Top of Data shown

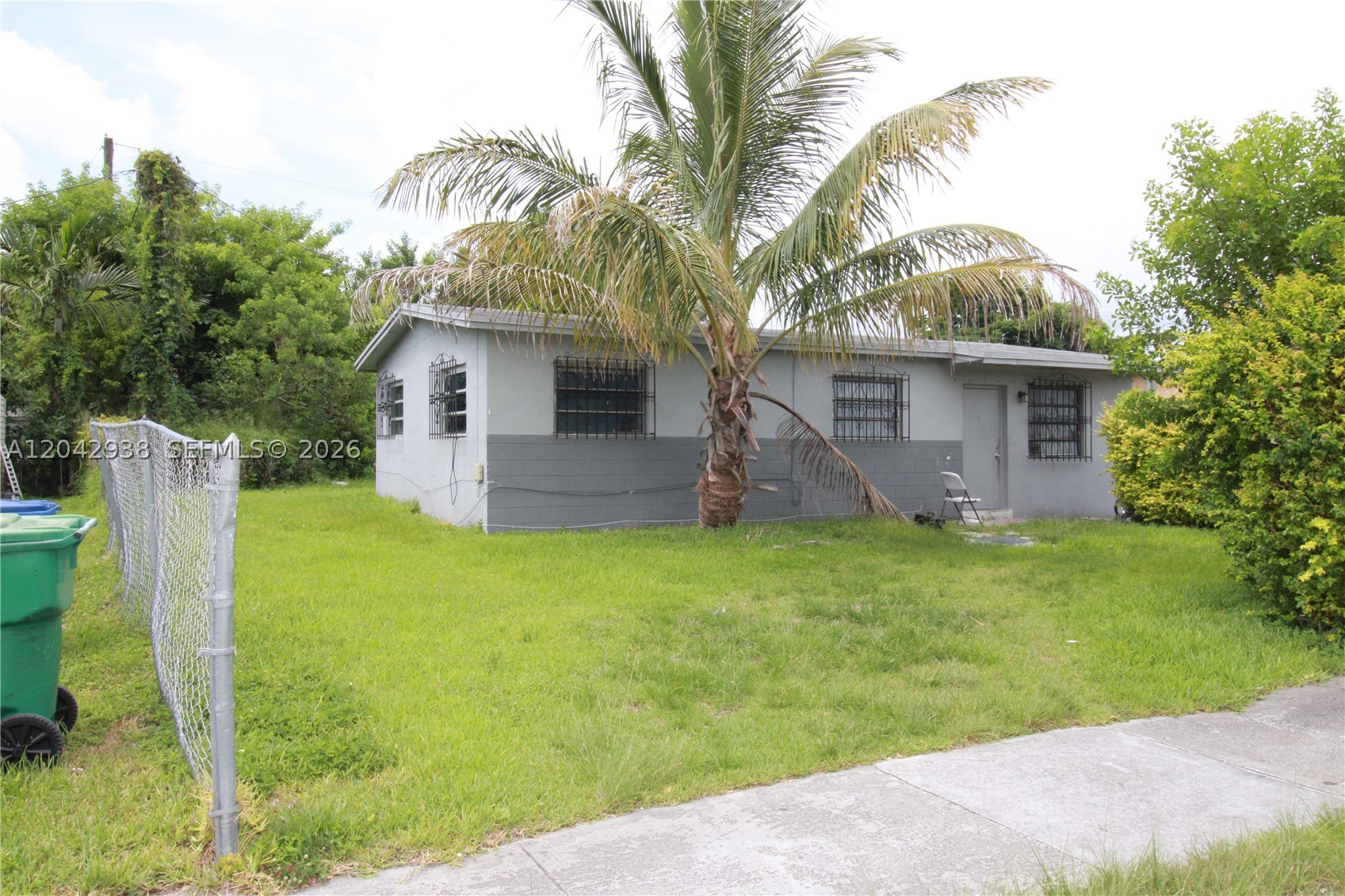 LINCOLN ESTS - Residential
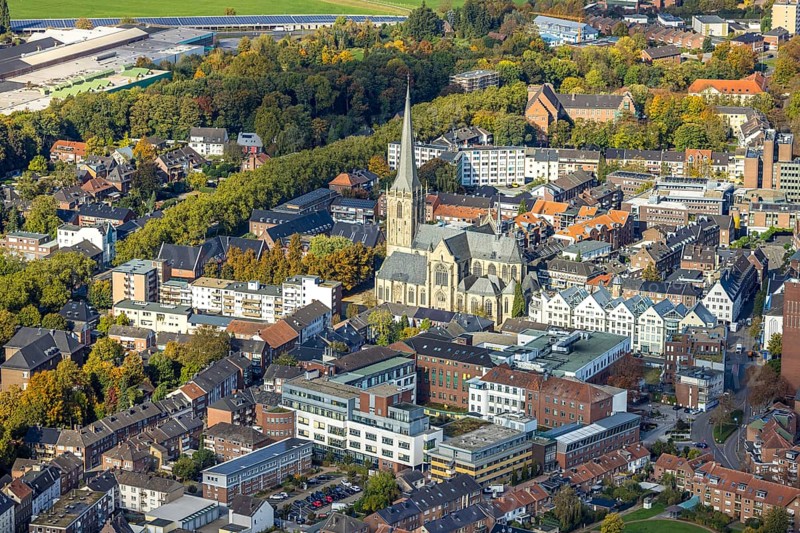Aerial view, evangelical church Willibrordi Cathedral, Marien-Hospital Wesel gGmbH, Wesel, Lower Rhine, North Rhine-Westphalia, Germany, place of worship, DE, Europe, healthcare, religious community, church, parish, clinic, clinic, denomination, hospital, aerial photography, aerial photography, medical facility, medical aid, religion, religious site, overview, bird perspective, birds-eyes view, overview, medical care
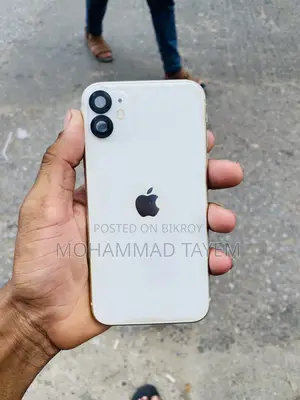 Apple iPhone 11 128 GB White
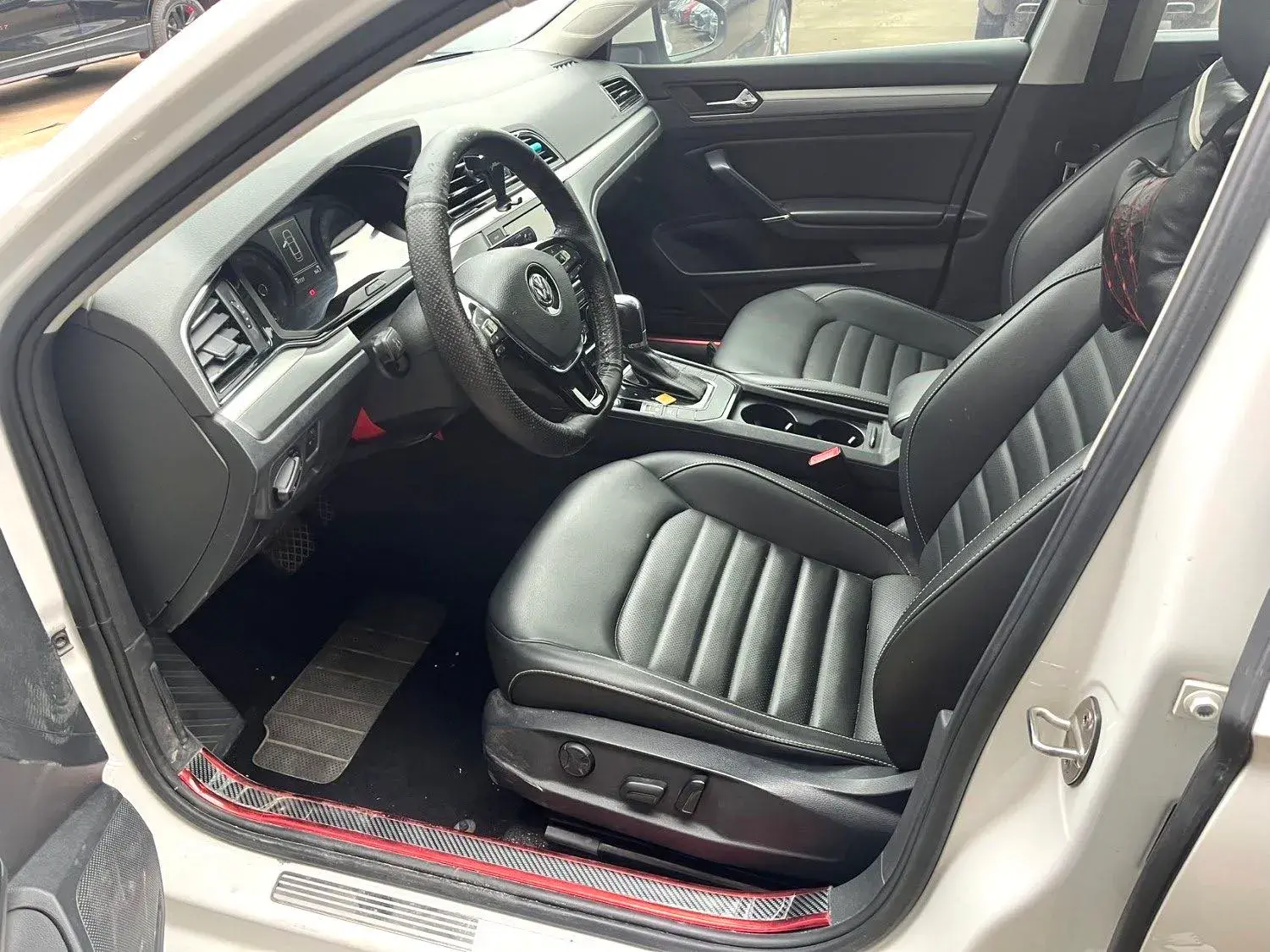 2019 VOLKSWAGEN LAMANDO thumbnail 3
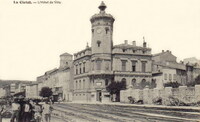 L'Hôtel de Ville 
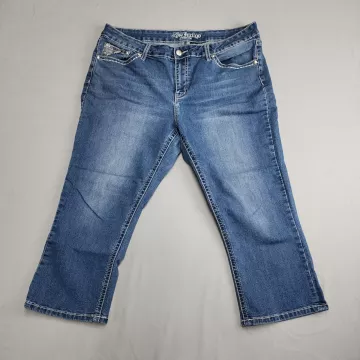 Love Indigo Premium Womens 16 Capri Jeans Blue Embroidered Stretch Mid Rise - Front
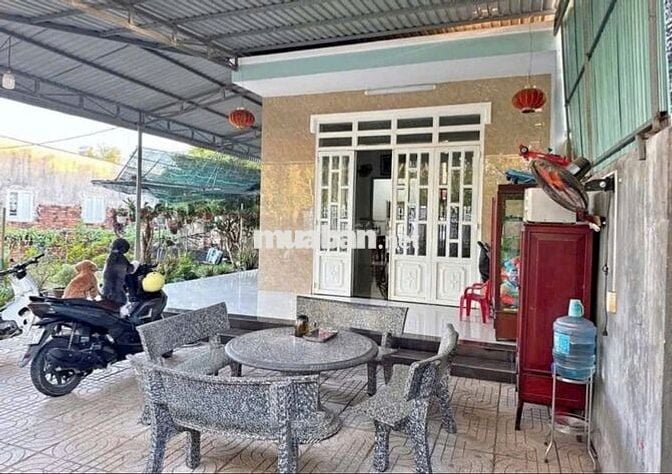 Nhà đang cho thuê 4triệu/tháng. Giờ muốn bán giá toàn bộ 420triệu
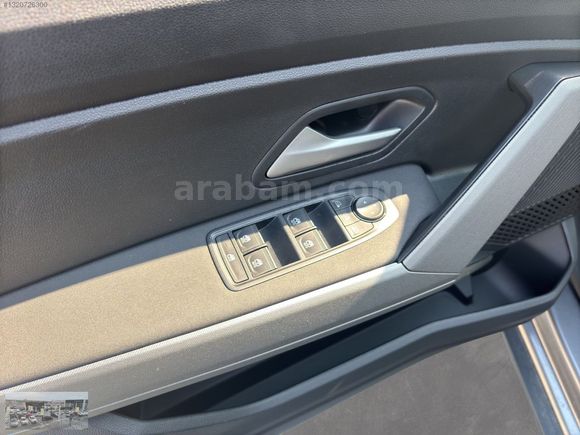 2025 MODEL DUSTER TECHNO 1.3 EDC 6200KM DE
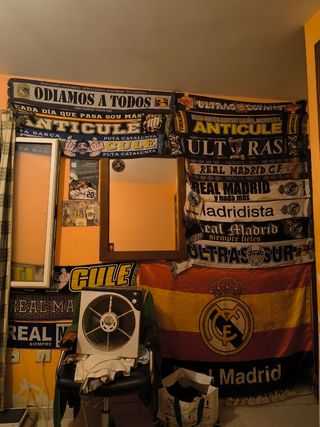 Lote bufandas y banderas Real Madrid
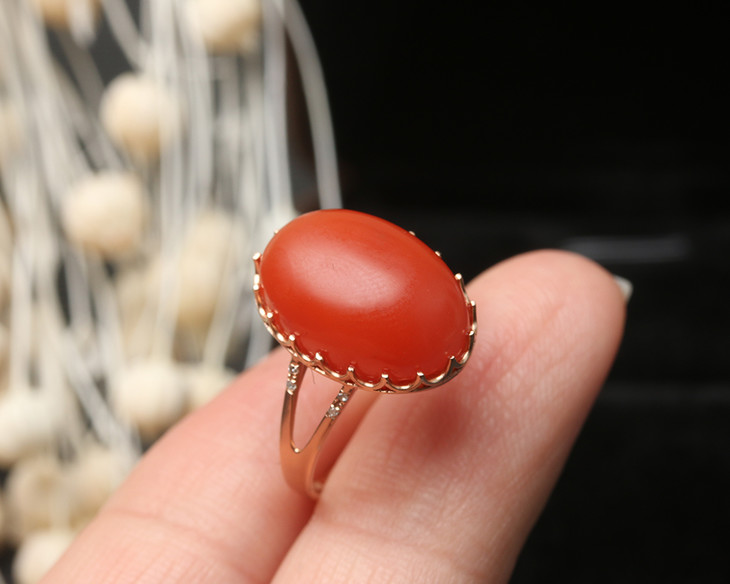 d90756南红保山料18k金镶嵌蛋面戒指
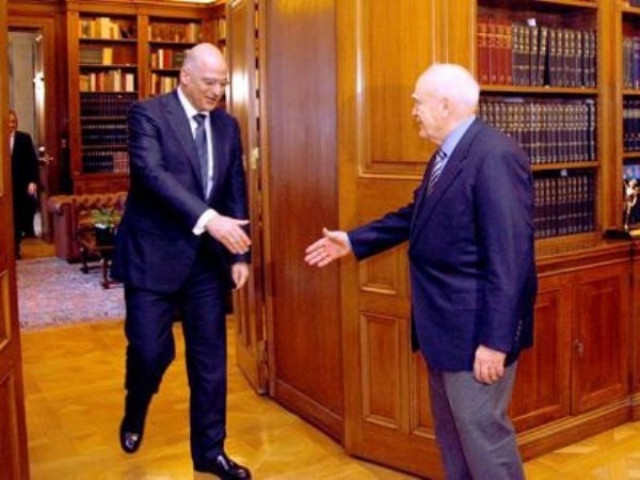 Συνάντηση Παπούλια-Δένδια και έκκληση για …σύνεση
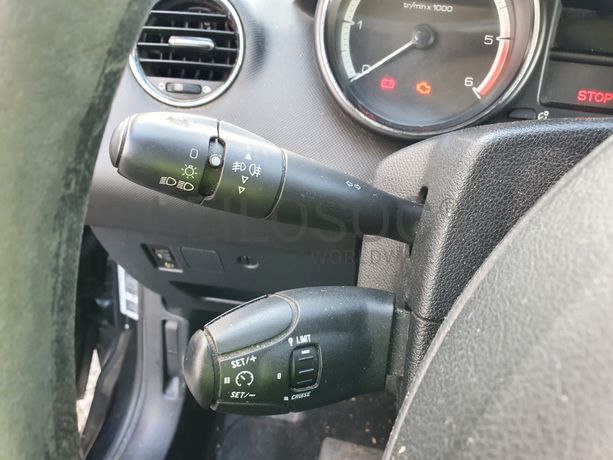 Peugeot 308 · Ano 2011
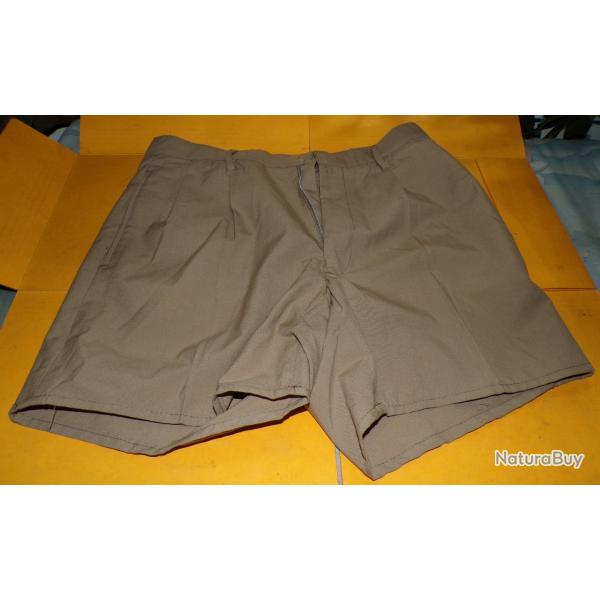 SHORT BEIGE DE L'ARMEE ITALIENNE  , TAILLE 38 SOIT S EN CIVIL FABRICATION ITALIENNE TAURISANO FRANC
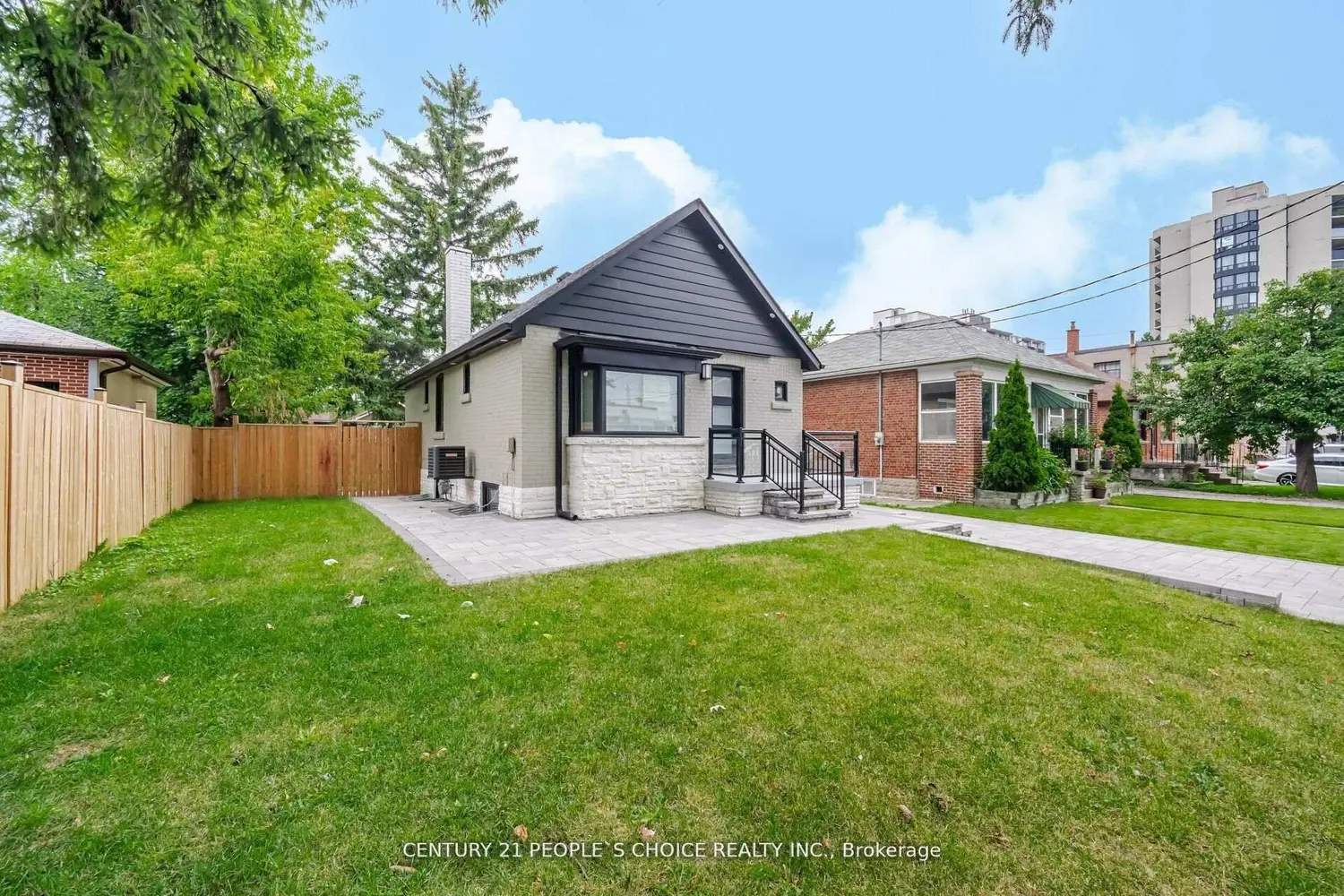 218 William Street photo 3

Bottom of Data shown

**Assignment:**
Beginning with the line that contains "Peugeot 308 · Ano 2011" and ending with the last line of the data above, output those lines exactly and nothing more, without any pictures.

**Solution for this problem:**
 Peugeot 308 · Ano 2011
 SHORT BEIGE DE L'ARMEE ITALIENNE  , TAILLE 38 SOIT S EN CIVIL FABRICATION ITALIENNE TAURISANO FRANC
 218 William Street photo 3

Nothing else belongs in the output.